**WORK TO COMPLETE:** Please give back only the lines below from the one containing "Vintage English setter" to the one containing "A BATHING APE（アベイシングエイプ）の「WOODLAND", each repeated word for word, both ends included.

** Opening RECORDS SUPPLIED block **

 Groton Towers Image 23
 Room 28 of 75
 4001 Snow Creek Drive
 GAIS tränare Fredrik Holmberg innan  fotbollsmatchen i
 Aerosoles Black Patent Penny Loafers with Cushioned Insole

** Closing RECORDS SUPPLIED block **
** Opening RECORDS SUPPLIED block **

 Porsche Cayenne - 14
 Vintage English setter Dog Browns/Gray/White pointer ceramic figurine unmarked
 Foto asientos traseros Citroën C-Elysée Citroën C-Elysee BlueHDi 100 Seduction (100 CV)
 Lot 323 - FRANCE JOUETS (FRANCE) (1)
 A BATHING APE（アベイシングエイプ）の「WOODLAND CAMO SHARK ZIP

** Closing RECORDS SUPPLIED block **

**WRITTEN ANSWER:**
 Vintage English setter Dog Browns/Gray/White pointer ceramic figurine unmarked
 Foto asientos traseros Citroën C-Elysée Citroën C-Elysee BlueHDi 100 Seduction (100 CV)
 Lot 323 - FRANCE JOUETS (FRANCE) (1)
 A BATHING APE（アベイシングエイプ）の「WOODLAND CAMO SHARK ZIP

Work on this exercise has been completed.